For the past two years, Open Data Manchester has been developing the Declaration for Responsible and Intelligent Data Practice – which sets out 23 principles for how organisations in Greater Manchester can develop their data practice for the benefit of everyone.
Ethics play a big part in the Declaration and many of the principles ask signatories to consider the ethical implications of their decisions.
But the challenge of ethics is – whose ethics?
Ethics ask you to make a personal assessment of a situation, grounded in a moral or philosophical framework, of which there are many to choose from.
You only need to look at some of the classic ethical dilemmas to understand that different frameworks will lead you to different outcomes…
Ethical decisions are context dependent and, just as there isn’t a universal ethical framework, these contexts aren’t universally experienced, understood or shared.
Centralised frameworks, local communities
This presents a challenge when we look at local-service provision – where understanding of context is critical – and solutions that are tailored to the needs of local communities are essential.
When developing the Declaration, some voices in the local public sector told us that they were under increasing pressure to innovate, including using data and digital technologies to maintain services, without fully understanding the ethical implications of doing so.
There seems to be a growing awareness within local public- and voluntary-sector organisations, especially in Greater Manchester, that ethical decisions need to underpinned by local context. Initiatives such as the GM Responsible Tech Collective have spent good time and energy seeking to address issues like this.
But most of the ethical tools and frameworks being developed are through well-funded, and crucially, centralised organisations.
That means, of course, they often won’t have the ‘on the ground’ know-how of local, public-service delivery – but also, they won’t have to experience the local consequences of badly applied decision-making technologies – which not only cause people harm, but also erode trust in all decision-making.

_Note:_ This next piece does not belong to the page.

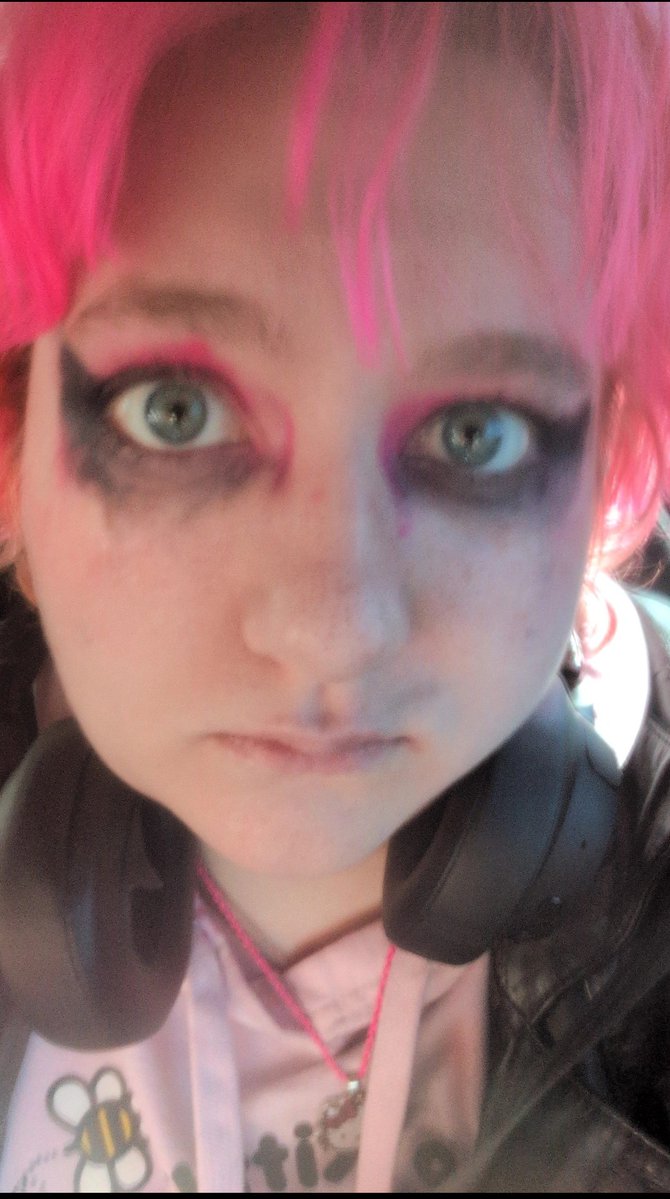 loverdamage's tweet image. Guys look at how much smaller my pupils get with my new contacts in #fashion #makeup #aesthetic #emo #alt #creepy #cute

Centralisation also leads to the accusation that any ethical frameworks that are developed lean towards the needs of national government policy, over those of local communities.
Localised ethical frameworks for building trust
At ODM, we want to ensure that ethical frameworks for local, public -service delivery are firmly situated in the localities being served.
Ethical decision-making processes must be designed to engender trust and confidence in the decisions being made, by being sensitive and relevant to the concerns, needs and desires of local residents.